I’ve spoken to several undecideds whose veering towards ‘No’ ended as soon as those posters with foetuses on them started going up on lamp-posts.
“What I’d say to them is: ‘You can’t put up posters of a woman who’s lying in a hospital bed crying, often under the most awful circumstances. You can’t put up posters of the women I’ve cared for, whose lives have been wrecked by this amendment. You can’t put up posters of that 14-year-old girl, who was forced to travel to Liverpool alone after being raped. You can’t put up posters of a woman lying awake at night, knowing that she’s risking orphaning her kids for an unborn foetus. How do you summarise any of that on a poster?’”
With the latest opinion polls suggesting a rise in ‘No’ support, what does Louise think needs to be done by Repeal in these vital last few weeks to secure a ‘Yes’ vote?
“Facts matter,” she responds. “Twitter tends to represent the two extremes of the argument – I read the other day that only 13% of rural Ireland are on it – so you’ve physically got to get out there. Whilst campaigning on people’s doorsteps, I’ve had men and women who are undecided or leaning towards ‘No’ change their minds when you explain what retaining the 8th actually entails.

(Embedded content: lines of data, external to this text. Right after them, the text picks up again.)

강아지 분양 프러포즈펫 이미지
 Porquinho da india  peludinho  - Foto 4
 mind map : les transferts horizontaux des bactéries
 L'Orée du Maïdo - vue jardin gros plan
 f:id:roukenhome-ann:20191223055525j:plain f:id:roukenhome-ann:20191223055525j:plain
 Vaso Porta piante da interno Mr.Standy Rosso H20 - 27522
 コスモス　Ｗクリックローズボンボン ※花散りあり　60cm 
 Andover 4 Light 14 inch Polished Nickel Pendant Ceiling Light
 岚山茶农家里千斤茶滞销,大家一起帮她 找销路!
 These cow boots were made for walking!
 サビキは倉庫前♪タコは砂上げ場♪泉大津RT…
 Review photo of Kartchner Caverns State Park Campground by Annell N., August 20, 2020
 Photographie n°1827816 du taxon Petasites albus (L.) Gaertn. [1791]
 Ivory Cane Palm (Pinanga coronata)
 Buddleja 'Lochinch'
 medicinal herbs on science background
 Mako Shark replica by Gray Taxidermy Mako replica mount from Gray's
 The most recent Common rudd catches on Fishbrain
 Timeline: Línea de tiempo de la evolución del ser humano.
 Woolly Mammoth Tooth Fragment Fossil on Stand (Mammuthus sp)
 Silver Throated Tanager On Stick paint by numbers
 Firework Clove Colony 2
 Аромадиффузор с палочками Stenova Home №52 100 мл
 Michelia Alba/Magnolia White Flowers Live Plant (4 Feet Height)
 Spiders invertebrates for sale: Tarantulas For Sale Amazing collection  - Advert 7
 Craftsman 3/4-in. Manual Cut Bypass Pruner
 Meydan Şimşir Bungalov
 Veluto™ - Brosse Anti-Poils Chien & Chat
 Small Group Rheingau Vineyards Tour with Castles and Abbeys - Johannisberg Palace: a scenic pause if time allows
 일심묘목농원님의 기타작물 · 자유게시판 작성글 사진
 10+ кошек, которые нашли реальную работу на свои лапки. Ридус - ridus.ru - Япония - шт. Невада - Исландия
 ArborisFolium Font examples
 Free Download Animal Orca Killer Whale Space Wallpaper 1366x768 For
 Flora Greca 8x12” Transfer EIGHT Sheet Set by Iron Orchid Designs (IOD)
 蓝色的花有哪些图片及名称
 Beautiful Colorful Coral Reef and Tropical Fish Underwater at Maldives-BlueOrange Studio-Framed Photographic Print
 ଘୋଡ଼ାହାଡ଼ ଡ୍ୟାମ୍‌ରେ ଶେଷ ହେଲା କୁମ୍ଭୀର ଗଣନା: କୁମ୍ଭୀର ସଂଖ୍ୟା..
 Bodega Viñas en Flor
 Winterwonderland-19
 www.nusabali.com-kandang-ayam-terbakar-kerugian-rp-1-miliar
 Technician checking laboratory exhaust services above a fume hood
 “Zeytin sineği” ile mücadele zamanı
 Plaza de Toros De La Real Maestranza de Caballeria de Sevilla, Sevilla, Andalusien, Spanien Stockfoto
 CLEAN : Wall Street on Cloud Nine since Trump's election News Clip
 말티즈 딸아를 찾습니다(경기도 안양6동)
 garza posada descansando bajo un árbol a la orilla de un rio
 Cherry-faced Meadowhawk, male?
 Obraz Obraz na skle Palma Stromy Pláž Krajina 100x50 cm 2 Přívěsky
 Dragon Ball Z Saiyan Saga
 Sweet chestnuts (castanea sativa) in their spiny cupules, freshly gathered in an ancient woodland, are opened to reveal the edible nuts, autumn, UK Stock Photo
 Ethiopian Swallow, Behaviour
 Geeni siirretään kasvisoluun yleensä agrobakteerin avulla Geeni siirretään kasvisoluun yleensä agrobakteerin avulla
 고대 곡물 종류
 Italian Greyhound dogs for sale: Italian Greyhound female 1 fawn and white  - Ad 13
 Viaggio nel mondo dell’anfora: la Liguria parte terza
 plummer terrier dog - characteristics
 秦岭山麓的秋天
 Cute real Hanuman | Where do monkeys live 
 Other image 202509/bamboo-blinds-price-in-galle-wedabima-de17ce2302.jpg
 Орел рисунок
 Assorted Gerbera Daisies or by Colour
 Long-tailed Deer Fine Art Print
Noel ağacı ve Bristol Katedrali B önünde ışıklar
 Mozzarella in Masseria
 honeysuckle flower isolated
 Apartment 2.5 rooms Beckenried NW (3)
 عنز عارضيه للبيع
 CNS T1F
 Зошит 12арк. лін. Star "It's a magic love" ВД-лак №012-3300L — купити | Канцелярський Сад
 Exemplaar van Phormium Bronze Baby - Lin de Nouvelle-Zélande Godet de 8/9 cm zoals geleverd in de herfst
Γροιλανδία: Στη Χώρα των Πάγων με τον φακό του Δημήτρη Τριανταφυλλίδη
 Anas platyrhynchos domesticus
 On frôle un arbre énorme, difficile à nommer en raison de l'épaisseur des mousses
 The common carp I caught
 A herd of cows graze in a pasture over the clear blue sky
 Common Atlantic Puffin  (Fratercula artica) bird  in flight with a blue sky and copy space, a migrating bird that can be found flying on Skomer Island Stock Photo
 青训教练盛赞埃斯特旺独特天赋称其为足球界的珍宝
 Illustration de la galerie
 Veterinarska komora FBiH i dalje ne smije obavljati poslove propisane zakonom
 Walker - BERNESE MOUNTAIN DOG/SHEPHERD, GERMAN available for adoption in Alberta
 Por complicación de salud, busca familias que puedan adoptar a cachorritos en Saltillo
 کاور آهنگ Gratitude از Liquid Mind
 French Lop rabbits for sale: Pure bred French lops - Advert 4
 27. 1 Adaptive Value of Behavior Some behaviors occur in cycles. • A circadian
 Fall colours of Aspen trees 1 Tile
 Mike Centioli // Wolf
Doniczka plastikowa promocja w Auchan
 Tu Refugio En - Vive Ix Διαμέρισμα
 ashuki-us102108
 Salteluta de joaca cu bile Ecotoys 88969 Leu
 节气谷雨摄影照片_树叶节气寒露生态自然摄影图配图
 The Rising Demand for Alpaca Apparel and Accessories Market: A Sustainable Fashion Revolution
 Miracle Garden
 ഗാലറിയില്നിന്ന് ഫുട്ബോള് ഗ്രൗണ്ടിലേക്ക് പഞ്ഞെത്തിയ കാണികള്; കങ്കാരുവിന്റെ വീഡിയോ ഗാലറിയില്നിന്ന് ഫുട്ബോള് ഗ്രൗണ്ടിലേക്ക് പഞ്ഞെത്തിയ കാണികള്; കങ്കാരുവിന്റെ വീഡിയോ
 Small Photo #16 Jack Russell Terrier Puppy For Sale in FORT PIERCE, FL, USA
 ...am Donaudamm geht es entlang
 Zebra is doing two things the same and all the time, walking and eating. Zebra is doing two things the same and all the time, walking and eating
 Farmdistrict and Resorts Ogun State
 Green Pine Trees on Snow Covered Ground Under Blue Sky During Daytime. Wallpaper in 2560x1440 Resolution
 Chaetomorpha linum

“I’ll have a conversation – and it needs to be a conversation rather than a lecture – with them and ask, ‘If it was your daughter, would you expect her to carry that child to full-term?’ They might be uncomfortable with the legislation that comes in. They might always be ‘pro-life’. They might never use termination for themselves. But they understand it’s not their right to prevent another Irish person going through with a life-saving procedure. I think that there are enough intrinsically compassionate people to secure a Yes vote. But we can’t take anything for granted.”